13De la même manière, il est de plus en plus fréquent de stipuler, dans les déclarations de copropriété, des clauses de gestion administrative faisant appel aux nouvelles technologies. Ainsi, il peut être stipulé que le droit des copropriétaires d’avoir accès au registre de la copropriété [12] se fasse par voie de communication électronique, ou encore, par le biais d’un site Internet avec un code d’accès personnalisé. De même, les réunions du conseil d’administration de la copropriété peuvent se tenir à distance [13]. Les avis de convocations aux assemblées générales des copropriétaires peuvent également être délivrés par voie électronique. Toutes ces stipulations, moins énergivores, sont parfaitement légales en droit québécois de la copropriété.

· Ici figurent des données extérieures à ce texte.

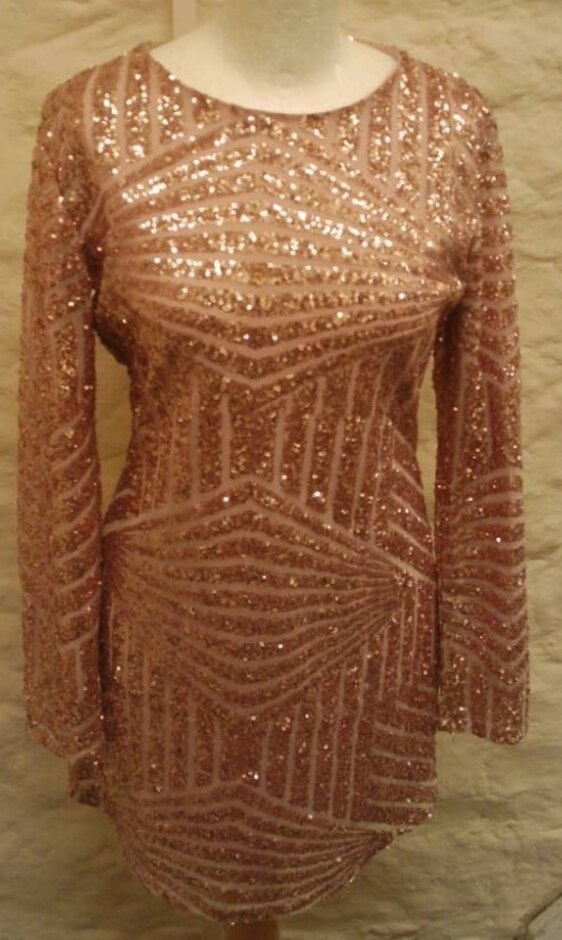 Boohoo Sequin Mini Dress Rose Gold Size: 12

14Un autre véhicule historique du droit québécois que peuvent emprunter les copropriétaires pour répondre à leurs aspirations de développement durable est le fonds de prévoyance. Ce fonds est constitué par les copropriétaires qui y sont tenus par la loi [14]. Il doit être liquide et disponible à court terme et affecté uniquement aux réparations majeures et au remplacement des parties communes de l’immeuble. Il constitue un levier efficace permettant de préserver la pérennité de l’immeuble, mais également de mettre à niveau le bâtiment et d’entreprendre des travaux substantiels. Ces travaux peuvent avoir pour effet d’assurer une performance énergétique responsable et de restreindre la consommation des bâtis les plus anciens. Ceci peut être tout à fait conséquent dans nos contrées habituées à de fortes variations des températures extérieures. Il y a également dans ce dispositif une dimension d’équité générationnelle. Avec le fonds de prévoyance, les copropriétaires actuels ne peuvent laisser en « héritage » aux futurs copropriétaires un bâtiment non entretenu et à l’empreinte écologique par trop marquée. Ils se doivent de constituer un fonds qui sert non seulement leurs intérêts à court terme, mais également celui à long terme des générations futures de copropriétaires.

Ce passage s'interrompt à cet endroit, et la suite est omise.